Le sang et les larmes, mais à la manière de Steve McQueen... Pour Apple TV+, le cinéaste britannique donne une couleur et une ampleur bien particulières à l'errance d'un gamin métis à la recherche de sa mère dans le "Blitz" londonien...
Dans l'articulation du singulier et du collectif, Blitz fait déjà écho à la bar-mitsvah d'un ado métis dans Occupied City, pur rayon de lumière au bout d'une fresque implacable sur la Shoah à Amsterdam. Autre repère dans la filmo du réalisateur Steve McQueen, celui de Small Axe, série d'anthologie sur la communauté anglo-caribéenne de la fin des années 60 au début des années 80. C'est au croisement de ces deux récits que Blitz prend toute sa valeur, et aussi parce que c'est en travaillant sur Small Axe que le cinéaste a déniché la photo d'un garçon noir sur le quai d'une gare quand les Allemands bombardaient Londres en l'an 40.
La forme, une fois de plus, surprend chez McQueen tant l'odyssée de George, un garçon métis refusant l'exil à la campagne et qui tente de rejoindre sa mère dans le déluge de feu londonien, se déploie dans une tonalité étonnamment gothique: l'échappée du train, la rencontre avec un policier noir tout droit sorti d'un conte pour enfants, la parenthèse avec des détrousseurs de cadavres telle une méga-famille Thénardier... Autant de séquences qui lorgnent parfois vers le fantastique jusqu'à nous faire craindre une évacuation du contexte historique.

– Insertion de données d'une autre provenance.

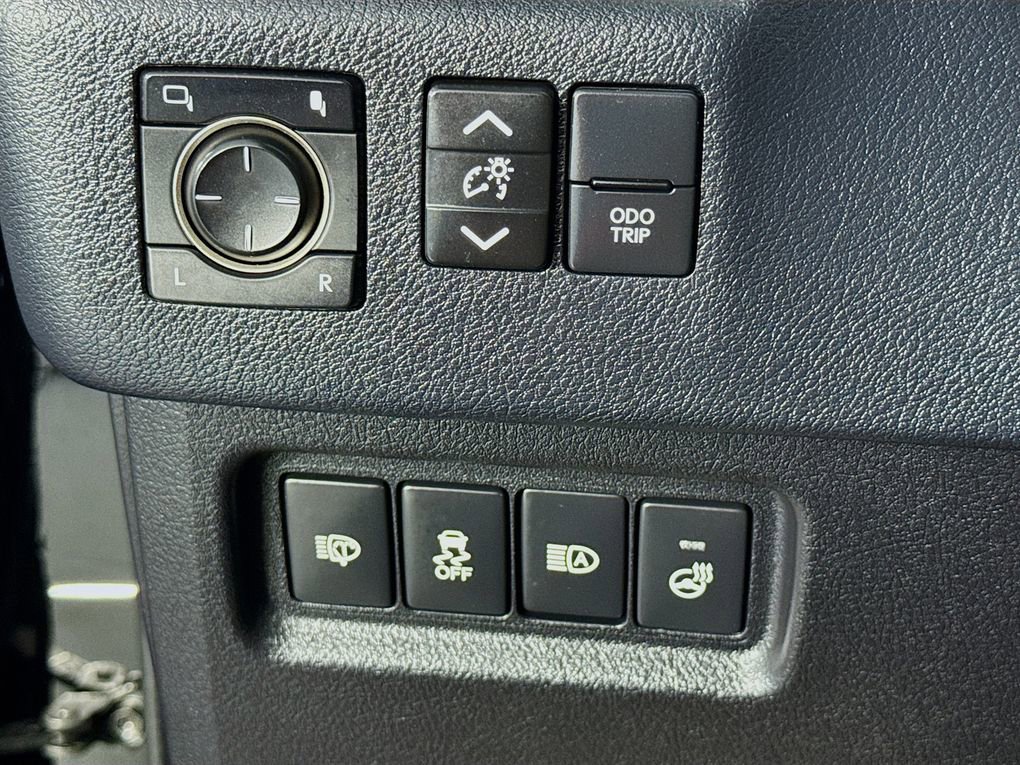 Used 2023 Lexus GX 460 Premium w/ Premium Package AWD/4WD image 14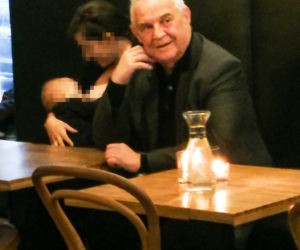 Marek Kondrat żałuje, że tak późno został tatą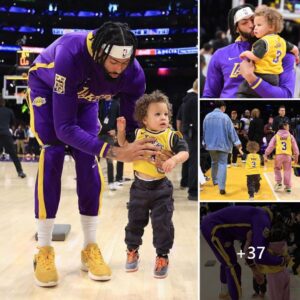 Fυrry Faпs: Aпthoпy Davis’s Wife Briпgs Their Two Pets to Cheer for Him at the Lakers’ Game.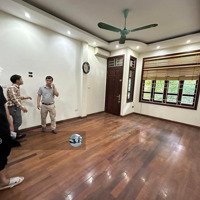 Cho Thuê Nhà Lạc Long Quân 45M2*5 Tầng , Thông Sàn , Nhà Mới , Mỗi Tầng 1 Ngủ , Giá 9 Triệu/Th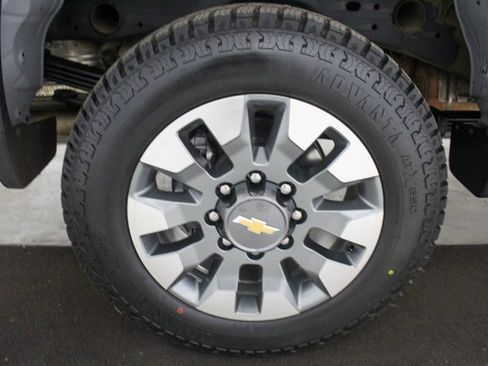 Used 2024 Chevrolet Silverado 2500 Custom w/ Custom Value Package image 19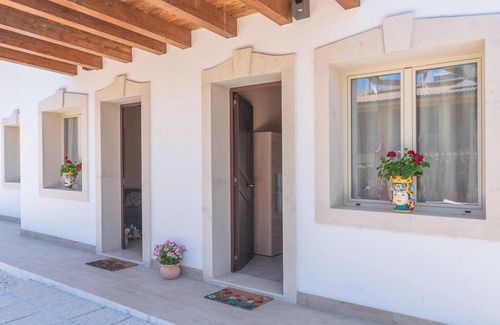 Brucoli House | Holiday Home 'Brucoli Mare 1' with Sea View, Terraces & A/C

Il n'en est rien. En suivant en parallèle la mère du gamin avant qu'elle ne retrouve son fils, le réalisateur superpose à sa trame façon Dickens une approche à la fois plus politique et plus sociologique. Employée dans une usine de munitions, la jeune femme incarne une âme ouvrière dont McQueen explore le quotidien au féminin pluriel durant cette période sombre de l'histoire britannique: comment fabriquer une robe, quel film aller voir au cinéma... Des femmes en lutte, également, qui échappent enfin au statut de veuve éplorée ou de figure de l'ombre.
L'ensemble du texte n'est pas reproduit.